How To Begin?
The question pops up at three different stages of writing. Depending on the situation prompting it, it yields three different answers.
1. You have an idea for a writing project, and you sit down to give it a whirl. You can begin anywhere, anyway, anyhow. Whatever the project, the words you set down in your first session will not be the words that stand first when it is in finished form. Remember, writing is really about re-writing. So put your fingers around a pen or on that keyboard and just do it. You won’t know what you think until you see what you say. And once you have written something, you have something to play with.
2. You’re well into your project, if not finished with a rough draft, and you’re wondering what material to lead off with. It must hook your readers, pique their curiosity, propel them forward. You are thinking in terms of strategy now, zeroing in on tension. Stories begin when flow hits resistance, when a pattern gets disturbed, when differing needs meet head-on. So give such a moment prime position in a dramatic scene, and you will generate the big-bang energy to keep your fictional world expanding.
3. You have chosen the writing life: every day, you have to sit down and begin. Even if you’ve reached Chapter 20, you have to begin Chapter 21, confront new unknowns. This may be self-evident, but it’s not necessarily easy. Writers experience inertia, and it may increase the farther into a project they go.

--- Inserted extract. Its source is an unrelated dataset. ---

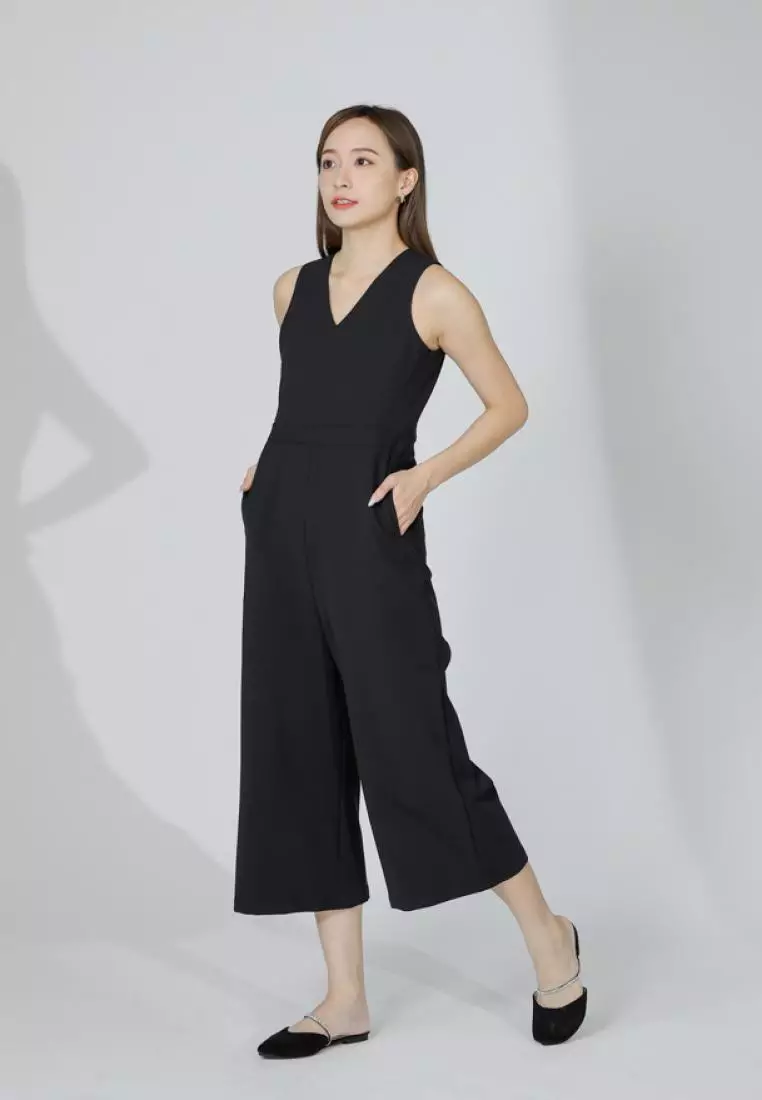 MMRS. Garb Devon V-Neck Romper - Black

When inertia keeps you from beginning, it’s usually rooted in self-doubt. It’s reinforced by a little voice in the head that says things like, I’m not a real writer. This story isn’t leading anywhere. It’s a waste of time. I should be doing something productive.
In a way, self-doubt and other forms of psychological discomfort are the side-effects of serious writing, which is so often reopens past wounds in order to transform them. So the first step to overcoming inertia—that conundrum of wanting to write yet not feeling like it—is to acknowledge the doubt and fear that’s holding you back, even free-writing about it, then taking the leap of answer #1: just do it.